INSTRUCTIONS FOR THE TASK:
With the pictures set aside, write out all of the data exactly as it stands.

*****

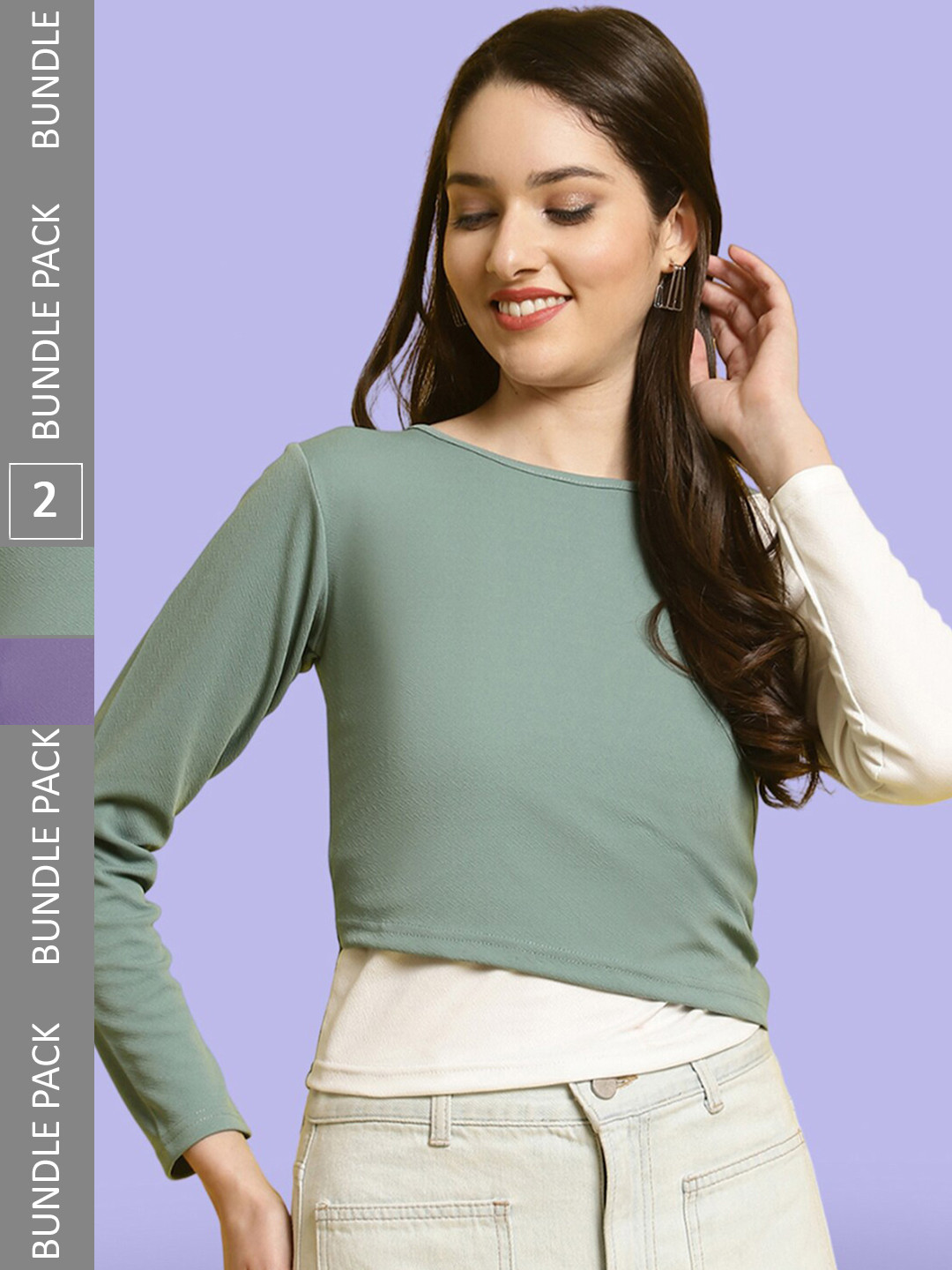 

BAESD Pack Of 2 Regular Tops, Green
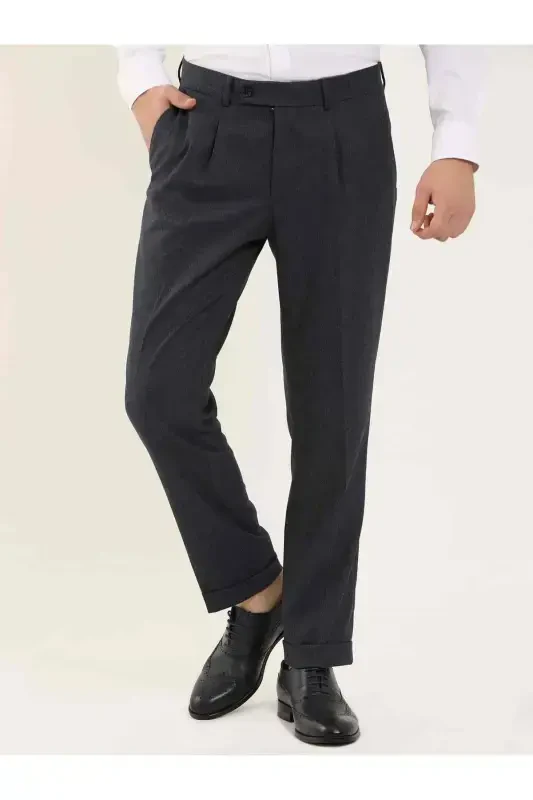 Navy Blue Men's Slim Fit Herringbone Pattern Classic Trousers - 97704 - 4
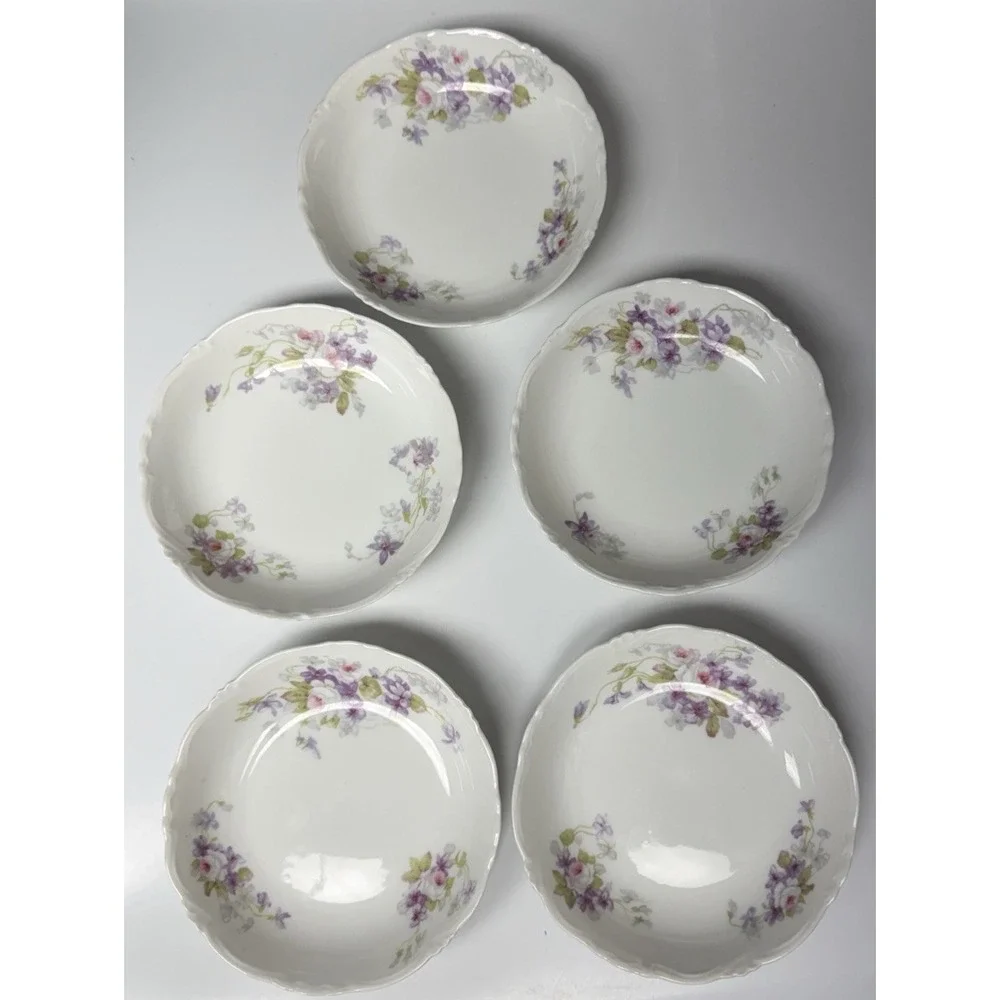 19th C  C.A. Limoges France Rose Violet Spray Scalloped Victorian 5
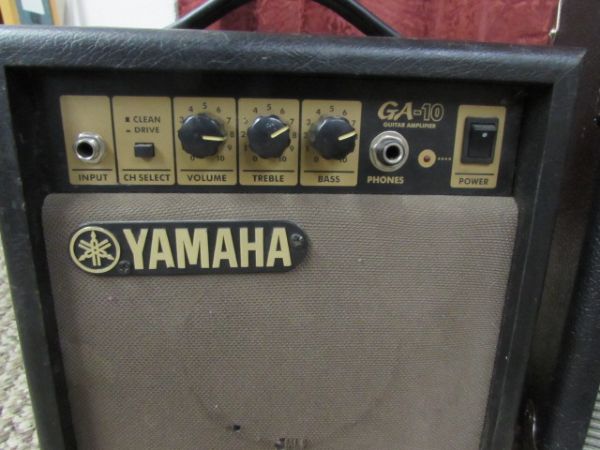FENDER GUITAR AMPLIFIER, YAMAHA AMP, MICROPHONE AND TAMBOURINE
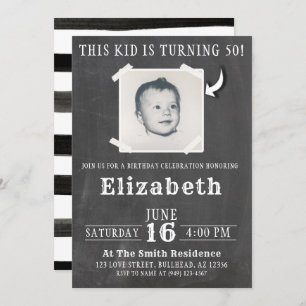 Chalkboard Ce gosse devient Invitation photo adult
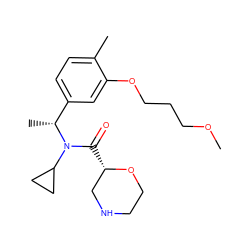 COCCCOc1cc([C@@H](C)N(C(=O)[C@H]2CNCCO2)C2CC2)ccc1C ZINC000203694259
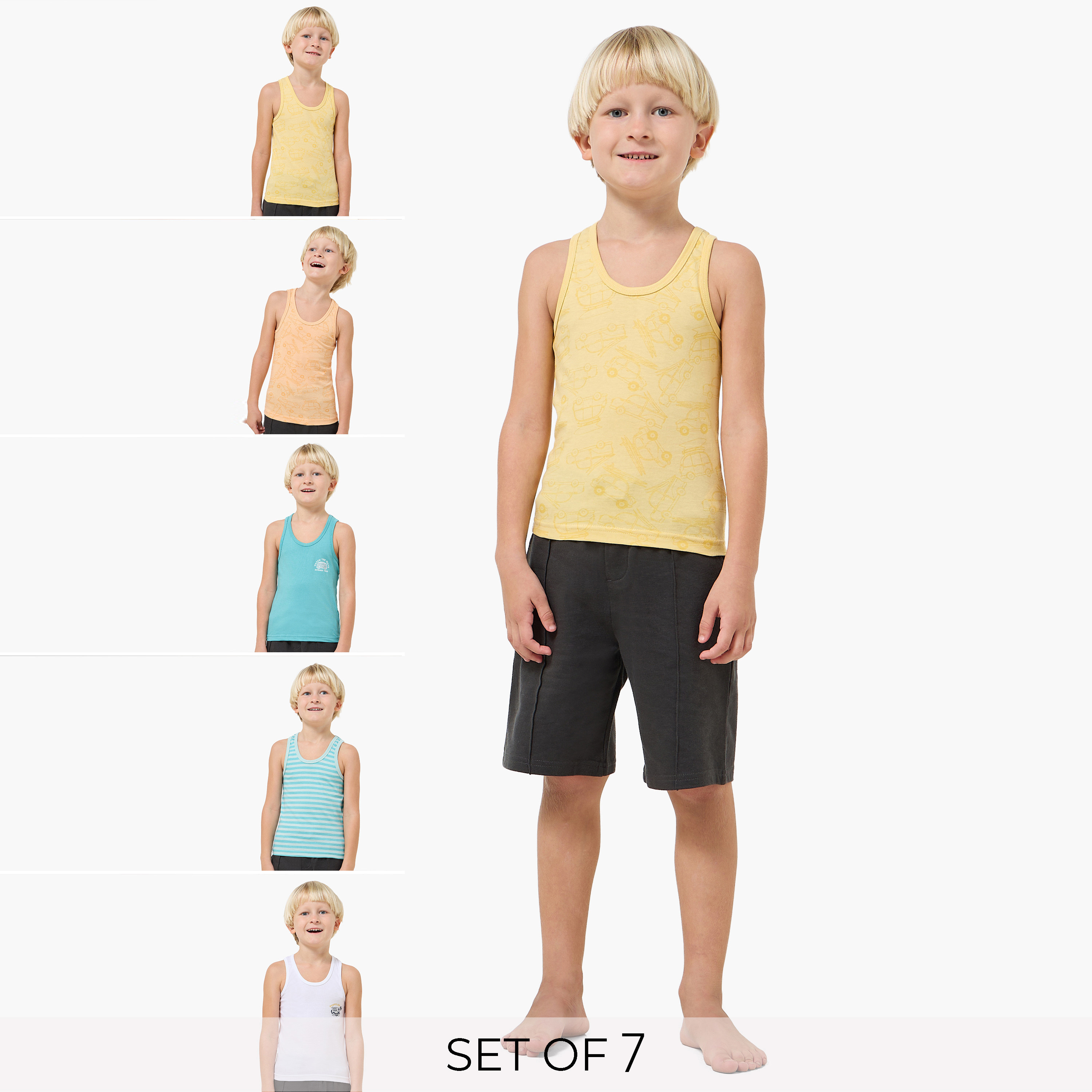 Pack of 7 Juniors Cotton Round Neck Vest with Print-boys-clothing-innerwear-vests-image-1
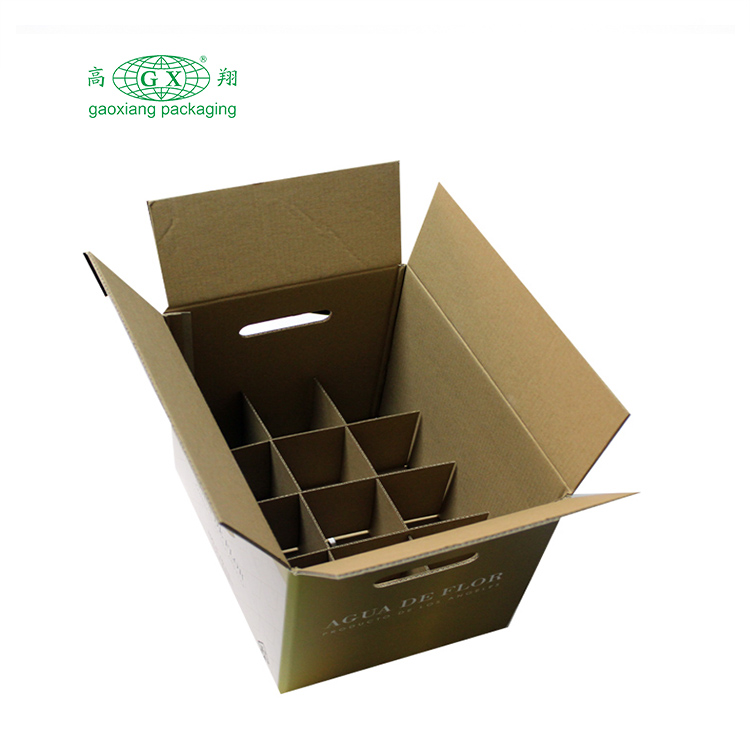 Caja de cartón personalizada para embalaje de vino y bebidas con 12 compartimentos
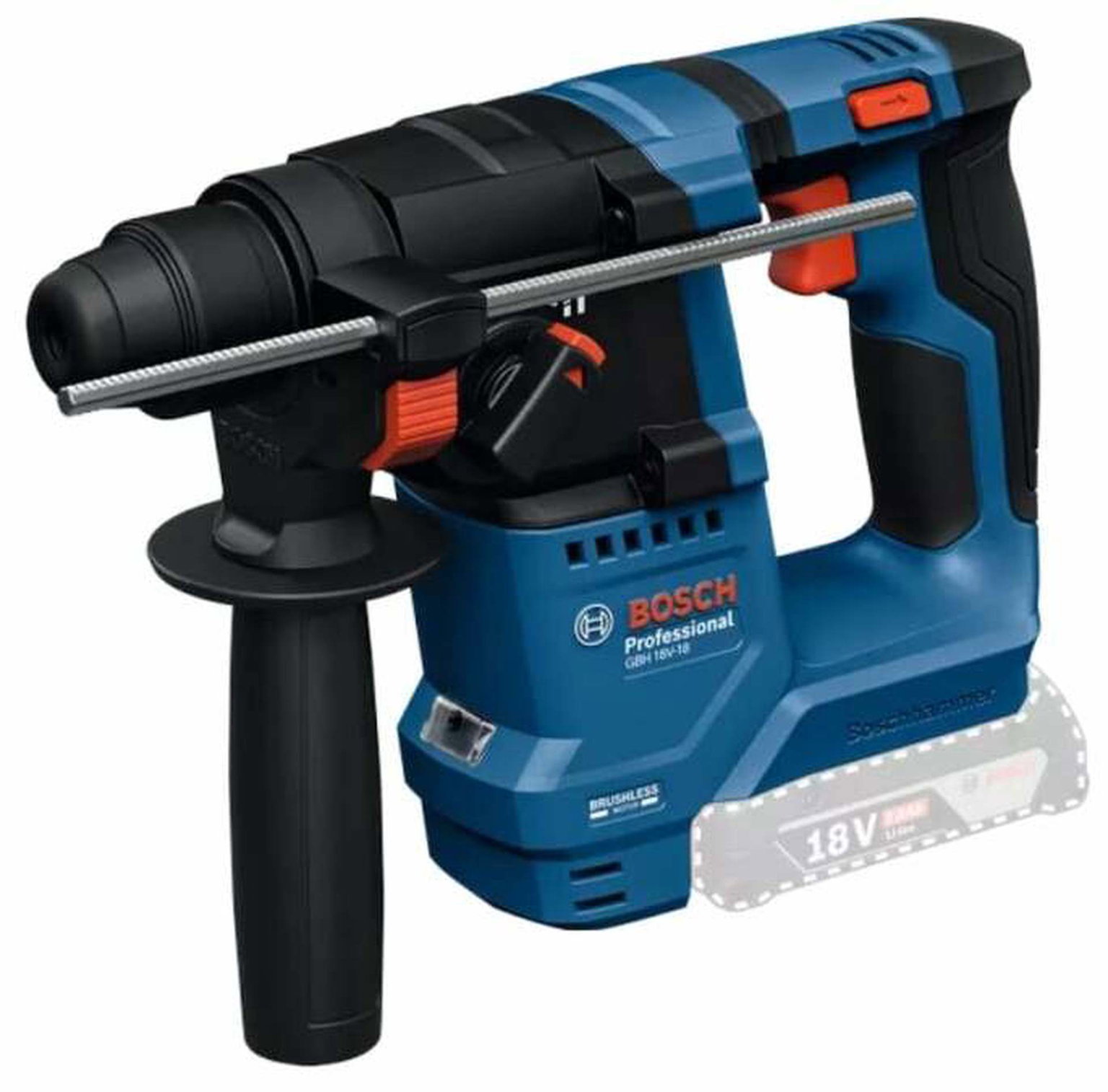 Akumuliatorinis perforatorius BOSCH GBH 18V-18 Solo, 18 V, 1,5 J, SDS-plus, be akumuliatoriaus-0
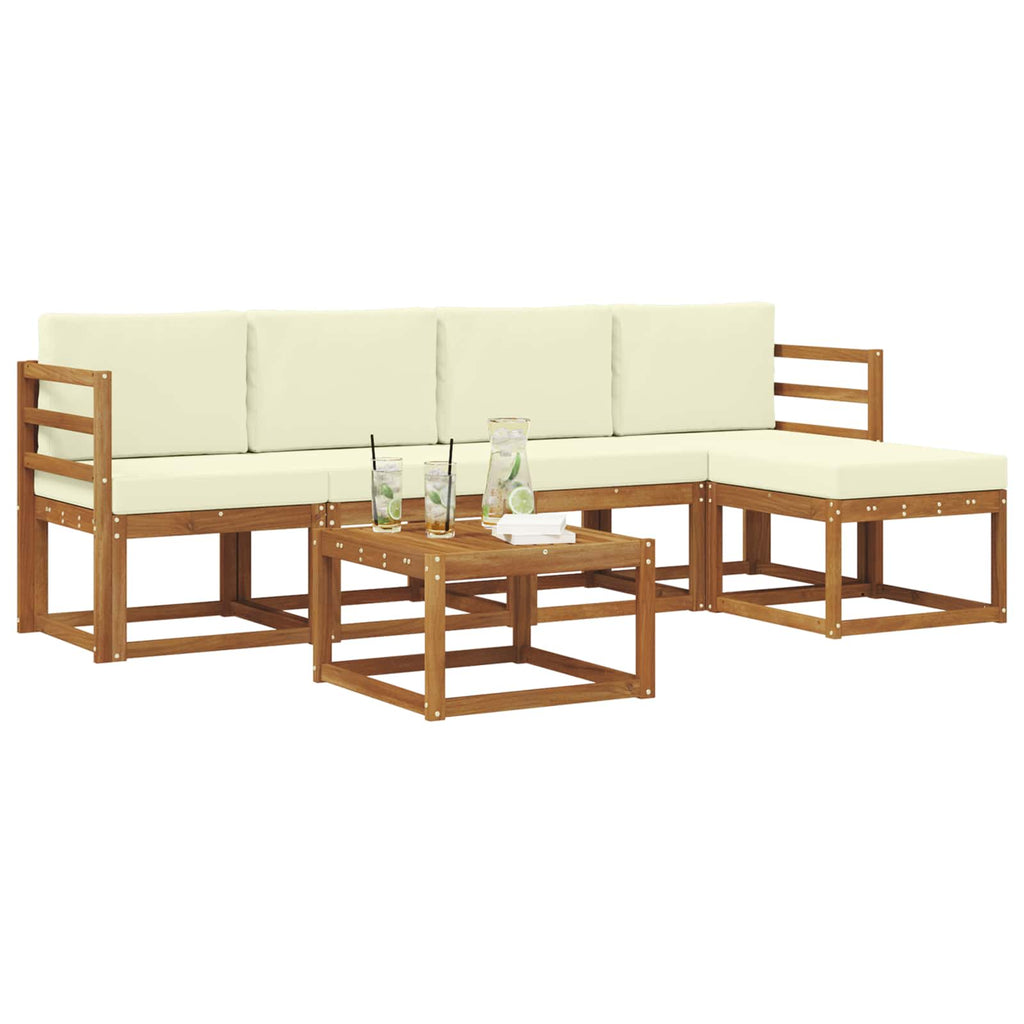 Outdoor-Sofagarnitur mit Kissen 6 pcs Natur und Creme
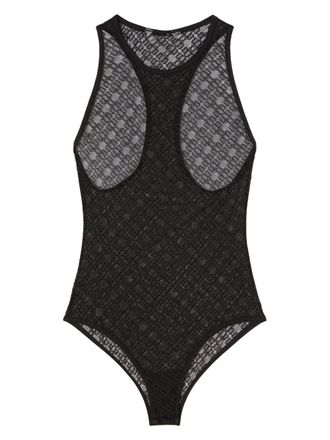 Palm Angels Body met doorzichtig kant - Zwart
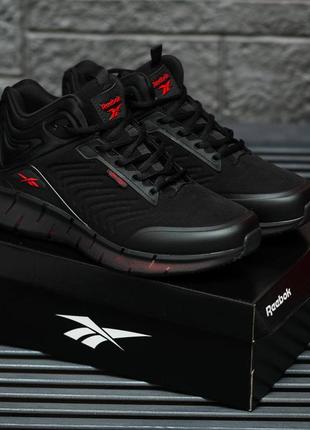 👟reebok distancias zig kinetica high (чёрные с красным)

*****

ANSWER TO THIS EXERCISE:
BAESD Pack Of 2 Regular Tops, Green
 Navy Blue Men's Slim Fit Herringbone Pattern Classic Trousers - 97704 - 4
 19th C  C.A. Limoges France Rose Violet Spray Scalloped Victorian 5
FENDER GUITAR AMPLIFIER, YAMAHA AMP, MICROPHONE AND TAMBOURINE
 Chalkboard Ce gosse devient Invitation photo adult
 COCCCOc1cc([C@@H](C)N(C(=O)[C@H]2CNCCO2)C2CC2)ccc1C ZINC000203694259
 Pack of 7 Juniors Cotton Round Neck Vest with Print-boys-clothing-innerwear-vests-image-1
 Caja de cartón personalizada para embalaje de vino y bebidas con 12 compartimentos
 Akumuliatorinis perforatorius BOSCH GBH 18V-18 Solo, 18 V, 1,5 J, SDS-plus, be akumuliatoriaus-0
 Outdoor-Sofagarnitur mit Kissen 6 pcs Natur und Creme
 Palm Angels Body met doorzichtig kant - Zwart
 👟reebok distancias zig kinetica high (чёрные с красным)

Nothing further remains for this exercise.